The European windstorm, named Christian, St Jude, Carmen or Simone, depending on the forecasting organisation, blew through the UK, affected northern France, Benelux, Denmark, the Netherlands, Germany, Sweden and some Baltic States this week, but Plenum does not expect insured losses from the event will impact its ILS and cat bond fund.
Plenum explained that while damage from Christian is widespread the type of structures built in northern Europe will largely withstand the storms wind speeds; “First damage reports show many felled trees and the damage sustained was amplified by the fact that they were still covered in leaves. Some facades and structures of buildings were damaged, but most residential buildings are of a masonry construction and we do not anticipate major structural damage to those.”
European windstorm Christian has been compared to a storm named Jeanette from 2002, a storm which PERILS AG reported an industry wide loss of €1.264 billion.
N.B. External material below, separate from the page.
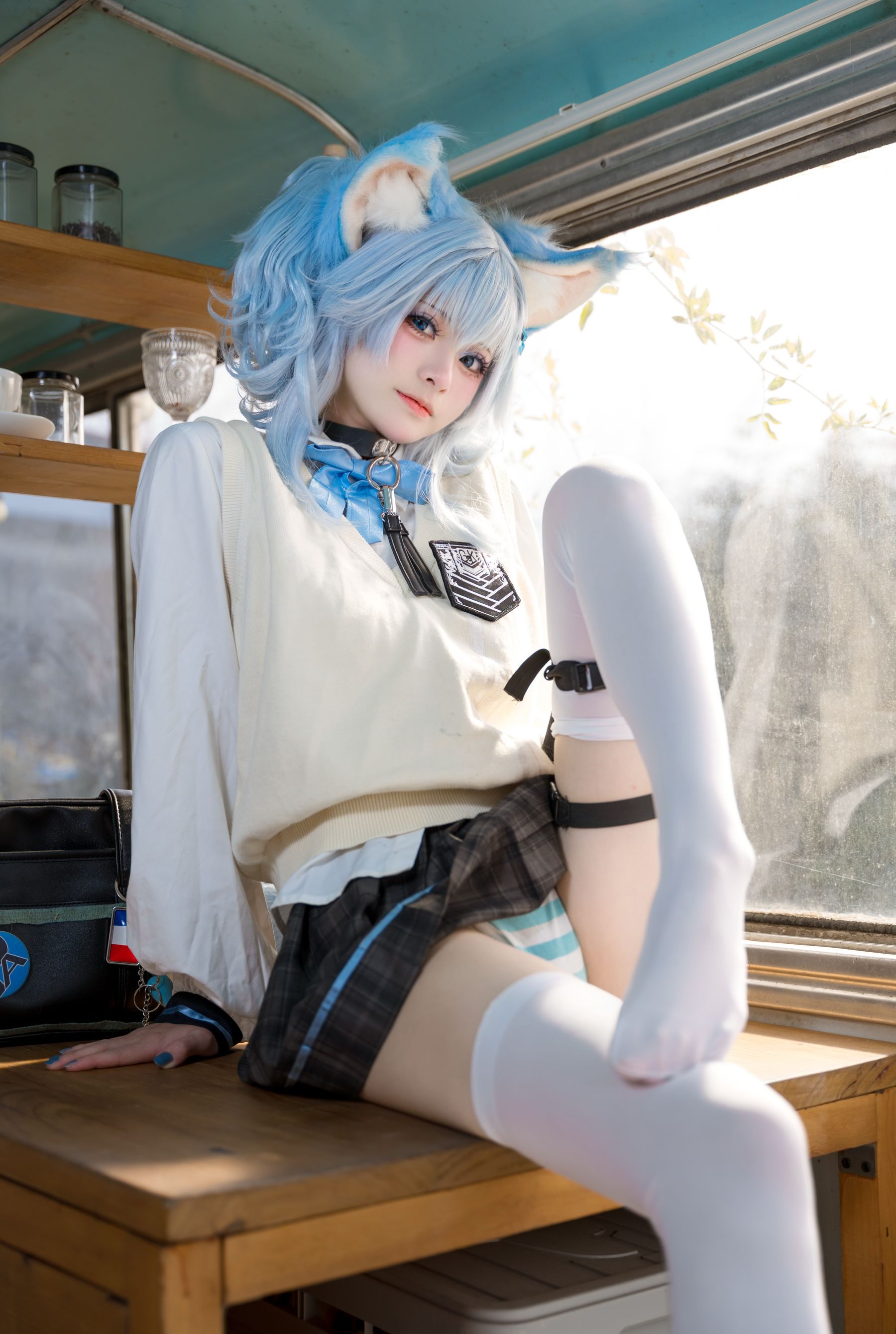 九柒喵 - 超高校级心跳物语/(20P)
A similar number from Christian would likely not be sufficient to reach the industry loss attachment points of exposed catastrophe bonds.
Plenum Investments stated; “This would put the expected damages of Christian well below the attachment points of the European wind storm bonds in the portfolio of the Plenum CAT Bond Fund, hence we do not anticipate any adverse effect on the performance of the fund.”
It should be noted that Plenum is only referring to European windstorm catastrophe bonds which it holds in its funds portfolio and that there could be others, perhaps private cat bonds, which are potentially exposed. It is hard for us to say which are and aren’t exposed given that so many European windstorm cat bonds utilise an industry loss trigger which is weighted by exposure and specific Cresta zones.
If European windstorm Christian does result in an insurance industry loss of over €1 billion however, it could put some industry loss based reinsurance contracts or industry loss warranties at risk. This could push some losses into the collateralized and ILS market if any fund managers, or collateralized underwriters, have positions on exposed layers of reinsurance programmes.
As we wrote yesterday, PERILS AG is investigating windstorm Christian and will decide whether it qualifies as an event which is severe enough to collect loss data for and to report on. To qualify Christian needs to be a €200m market-wide insured industry property loss, which based on the reports of damage from across northern Europe at this time looks eminently possible.